Dopo le parole del console,ho pensato che il peggio fosse finito e mi sono rilassato godendomi il sole e  la sensazione indescrivibile  di essere l’oggetto del desiderio dei circa 150 spettatori ,cioè  un italiano vero. Ma le sensazione è durata giusto per i  minuti in cui hanno tolto il microfono al console e  lo hanno dato alla presentatrice di turno ,che ha annunciato il grande coro dei 10 bimbi della “escuela italiana” e a seguire l’esibizione del coro degli adulti, molto in avanti con l’età. Mi aspettavano 6 canzoni popolari ed io ho cominciato a stilare nella mia mente la possibile lista : “sicuro ci sarà Bella ciao,no ,macchè è popolare,ma troppo faziosa, vedi i signori che ci sono e vedi le loro pellicce,le loro parrucche…” Le mie speculazioni non erano ancora finite quando irrompe il suono di un piano e le voci da usignolo dei bambini che stonavano canzoni, popolari probabilmente ai nonni che lasciarono 70 anni orsono l’Italia. Saranno state le divise saranno state le canzoni, a me  sembrava di vivere  una riunione dei bimbi “balilla” durante un cerimonia del ventennio . Quando hanno terminato i bambini, ormai la cerimonia aveva già dato il meglio di sé. Il coro degli attempati Italo-argentini, ha seguito quello dei bimbi per  la popolarità dei pezzi cantati,tra i quali una mazurca. Alla fine della cerimonia , saranno state le parole del console, saranno state le canzoni popolari avevo fame. Avevamo un un’unica missione prima di poter andare a casa e ripensare piacevolmente alle 2 ore più grottesche da quando sto in Argentina : scroccare un pranzo.

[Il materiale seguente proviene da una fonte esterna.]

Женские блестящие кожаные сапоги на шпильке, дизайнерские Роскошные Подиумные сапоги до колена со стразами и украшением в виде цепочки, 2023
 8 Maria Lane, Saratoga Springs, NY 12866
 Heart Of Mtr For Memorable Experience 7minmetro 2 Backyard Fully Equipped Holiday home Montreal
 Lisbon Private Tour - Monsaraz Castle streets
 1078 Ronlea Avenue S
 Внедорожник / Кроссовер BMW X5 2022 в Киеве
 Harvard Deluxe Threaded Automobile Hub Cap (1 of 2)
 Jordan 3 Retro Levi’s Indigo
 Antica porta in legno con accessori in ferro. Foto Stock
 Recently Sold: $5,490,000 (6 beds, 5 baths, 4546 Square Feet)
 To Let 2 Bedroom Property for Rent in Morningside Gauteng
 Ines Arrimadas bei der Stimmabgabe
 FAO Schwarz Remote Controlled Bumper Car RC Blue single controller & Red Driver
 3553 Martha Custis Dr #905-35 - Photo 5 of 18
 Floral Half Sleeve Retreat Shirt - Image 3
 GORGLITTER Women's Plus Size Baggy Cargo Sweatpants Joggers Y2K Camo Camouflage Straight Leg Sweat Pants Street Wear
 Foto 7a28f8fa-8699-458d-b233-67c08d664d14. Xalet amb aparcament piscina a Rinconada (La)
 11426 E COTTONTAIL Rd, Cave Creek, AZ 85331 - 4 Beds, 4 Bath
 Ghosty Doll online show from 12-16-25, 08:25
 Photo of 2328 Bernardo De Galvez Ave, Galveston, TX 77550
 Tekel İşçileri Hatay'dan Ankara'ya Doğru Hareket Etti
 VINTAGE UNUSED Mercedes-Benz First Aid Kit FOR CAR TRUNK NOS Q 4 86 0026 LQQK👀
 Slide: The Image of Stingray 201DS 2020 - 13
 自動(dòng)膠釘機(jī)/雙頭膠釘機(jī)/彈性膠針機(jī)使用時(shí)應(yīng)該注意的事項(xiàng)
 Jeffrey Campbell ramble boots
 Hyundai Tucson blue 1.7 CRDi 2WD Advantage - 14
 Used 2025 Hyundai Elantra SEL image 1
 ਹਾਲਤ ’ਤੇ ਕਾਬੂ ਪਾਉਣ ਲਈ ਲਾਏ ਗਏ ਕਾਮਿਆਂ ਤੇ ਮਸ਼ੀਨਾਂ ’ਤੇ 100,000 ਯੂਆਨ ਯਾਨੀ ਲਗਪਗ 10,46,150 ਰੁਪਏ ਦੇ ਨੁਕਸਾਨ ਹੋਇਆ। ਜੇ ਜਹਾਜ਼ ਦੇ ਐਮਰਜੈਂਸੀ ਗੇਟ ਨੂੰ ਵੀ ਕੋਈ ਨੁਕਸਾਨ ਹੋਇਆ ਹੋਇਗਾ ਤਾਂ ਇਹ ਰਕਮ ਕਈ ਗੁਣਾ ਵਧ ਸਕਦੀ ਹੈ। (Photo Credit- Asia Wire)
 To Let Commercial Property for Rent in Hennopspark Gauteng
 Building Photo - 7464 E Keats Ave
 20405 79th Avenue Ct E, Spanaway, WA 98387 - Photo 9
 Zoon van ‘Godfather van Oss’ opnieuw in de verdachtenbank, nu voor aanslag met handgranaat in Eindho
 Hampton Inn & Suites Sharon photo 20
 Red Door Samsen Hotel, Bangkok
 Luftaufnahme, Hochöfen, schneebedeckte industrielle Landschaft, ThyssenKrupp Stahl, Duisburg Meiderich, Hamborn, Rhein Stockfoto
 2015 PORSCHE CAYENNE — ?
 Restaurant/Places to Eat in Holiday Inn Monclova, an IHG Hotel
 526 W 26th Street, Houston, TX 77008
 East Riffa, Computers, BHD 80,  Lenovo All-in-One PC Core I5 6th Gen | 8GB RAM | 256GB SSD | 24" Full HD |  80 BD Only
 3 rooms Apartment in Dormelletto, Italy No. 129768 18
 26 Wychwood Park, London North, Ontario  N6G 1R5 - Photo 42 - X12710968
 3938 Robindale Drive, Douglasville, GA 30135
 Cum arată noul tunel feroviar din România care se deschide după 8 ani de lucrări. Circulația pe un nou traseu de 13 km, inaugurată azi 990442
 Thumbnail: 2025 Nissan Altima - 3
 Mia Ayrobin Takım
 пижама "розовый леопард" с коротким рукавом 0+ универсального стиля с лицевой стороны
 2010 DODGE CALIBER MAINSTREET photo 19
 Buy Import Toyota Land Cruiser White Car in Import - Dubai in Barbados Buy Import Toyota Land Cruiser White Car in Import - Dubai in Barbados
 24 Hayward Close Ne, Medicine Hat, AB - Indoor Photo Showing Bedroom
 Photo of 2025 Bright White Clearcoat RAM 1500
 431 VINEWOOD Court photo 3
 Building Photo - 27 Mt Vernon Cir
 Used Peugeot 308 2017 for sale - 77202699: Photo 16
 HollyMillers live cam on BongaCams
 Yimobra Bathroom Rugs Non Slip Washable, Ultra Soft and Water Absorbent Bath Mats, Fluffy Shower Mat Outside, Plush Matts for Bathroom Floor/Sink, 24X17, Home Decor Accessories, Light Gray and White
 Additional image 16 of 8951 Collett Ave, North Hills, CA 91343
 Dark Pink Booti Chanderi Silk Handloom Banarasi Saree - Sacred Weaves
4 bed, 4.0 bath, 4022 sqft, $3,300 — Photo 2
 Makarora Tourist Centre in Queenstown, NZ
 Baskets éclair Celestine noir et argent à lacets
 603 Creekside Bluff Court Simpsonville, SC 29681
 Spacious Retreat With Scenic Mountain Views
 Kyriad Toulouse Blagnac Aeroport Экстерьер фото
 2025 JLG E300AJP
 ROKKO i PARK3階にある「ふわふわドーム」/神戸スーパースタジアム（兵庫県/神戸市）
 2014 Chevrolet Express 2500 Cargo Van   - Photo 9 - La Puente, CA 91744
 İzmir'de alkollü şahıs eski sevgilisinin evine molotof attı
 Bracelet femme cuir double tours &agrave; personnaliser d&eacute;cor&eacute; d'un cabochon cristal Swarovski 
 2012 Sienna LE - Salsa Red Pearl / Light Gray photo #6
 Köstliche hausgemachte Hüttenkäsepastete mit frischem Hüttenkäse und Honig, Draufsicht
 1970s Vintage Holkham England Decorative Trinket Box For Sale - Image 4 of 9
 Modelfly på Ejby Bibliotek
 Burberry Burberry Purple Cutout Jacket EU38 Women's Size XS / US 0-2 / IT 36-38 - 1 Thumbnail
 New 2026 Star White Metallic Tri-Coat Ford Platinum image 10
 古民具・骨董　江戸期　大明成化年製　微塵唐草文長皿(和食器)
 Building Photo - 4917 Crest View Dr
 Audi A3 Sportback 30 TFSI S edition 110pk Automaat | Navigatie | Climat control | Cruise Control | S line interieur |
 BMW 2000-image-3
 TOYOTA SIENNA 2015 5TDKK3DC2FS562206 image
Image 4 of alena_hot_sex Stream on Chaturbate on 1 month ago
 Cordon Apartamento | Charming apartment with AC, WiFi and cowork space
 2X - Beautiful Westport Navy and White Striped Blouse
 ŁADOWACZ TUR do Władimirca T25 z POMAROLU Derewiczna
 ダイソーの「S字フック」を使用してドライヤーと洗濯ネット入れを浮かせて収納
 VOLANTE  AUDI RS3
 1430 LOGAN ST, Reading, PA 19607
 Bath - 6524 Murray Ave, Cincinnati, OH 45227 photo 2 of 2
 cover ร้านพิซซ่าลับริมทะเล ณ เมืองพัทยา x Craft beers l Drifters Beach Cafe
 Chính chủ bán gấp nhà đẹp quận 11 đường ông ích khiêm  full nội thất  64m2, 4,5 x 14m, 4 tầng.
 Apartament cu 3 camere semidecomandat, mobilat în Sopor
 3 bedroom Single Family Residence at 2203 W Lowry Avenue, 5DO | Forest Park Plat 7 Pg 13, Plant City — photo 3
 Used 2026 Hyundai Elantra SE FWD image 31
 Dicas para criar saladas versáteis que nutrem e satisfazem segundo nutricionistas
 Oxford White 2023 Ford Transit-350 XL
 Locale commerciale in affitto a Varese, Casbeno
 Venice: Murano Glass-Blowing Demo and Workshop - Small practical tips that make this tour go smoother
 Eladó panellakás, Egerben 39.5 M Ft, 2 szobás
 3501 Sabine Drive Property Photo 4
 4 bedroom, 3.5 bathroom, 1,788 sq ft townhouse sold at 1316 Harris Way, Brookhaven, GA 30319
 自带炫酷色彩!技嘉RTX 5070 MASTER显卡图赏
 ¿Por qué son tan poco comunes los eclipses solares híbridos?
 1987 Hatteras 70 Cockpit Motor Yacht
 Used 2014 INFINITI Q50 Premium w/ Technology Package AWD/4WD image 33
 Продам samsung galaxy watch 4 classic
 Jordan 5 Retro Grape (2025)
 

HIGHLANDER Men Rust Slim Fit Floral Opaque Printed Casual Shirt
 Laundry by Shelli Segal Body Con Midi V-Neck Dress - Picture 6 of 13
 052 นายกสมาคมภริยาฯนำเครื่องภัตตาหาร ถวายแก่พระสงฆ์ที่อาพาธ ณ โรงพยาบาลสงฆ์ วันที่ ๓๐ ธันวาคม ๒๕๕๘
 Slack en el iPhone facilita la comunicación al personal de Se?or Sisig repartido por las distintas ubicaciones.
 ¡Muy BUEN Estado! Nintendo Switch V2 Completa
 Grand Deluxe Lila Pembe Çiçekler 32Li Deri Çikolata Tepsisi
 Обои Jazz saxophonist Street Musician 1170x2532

L’obiettivo era il console, che sì è dileguato tra la folla. Adesso che il console era saltato, l’unica speranza era rintracciare la presidentessa del circolo dei lucani a Mendoza. Mi è bastato dire di essere italiano e subito è spuntata la presidentessa. Anche lei attempata,anche lei italo-argentina e anche lei con indosso una pelliccia. Con lei, che non sembrava tanto interessata a rispolverare le radici, chiacchierando con un gioviane lucano, non è bastata la simpatia.
Morale della favola: sognavamo un piatto di orecchiette o ravioli serviti da una bella donna lucana ,seduti ad una tavolata di 20/30 persone, con le damigiane di vino rosso piene e ci siamo ritrovati in due seduti al tavolo della nostra cucina con una frittatina da 2 uova e acqua del rubinetto da bere.
Paz amor y libertad.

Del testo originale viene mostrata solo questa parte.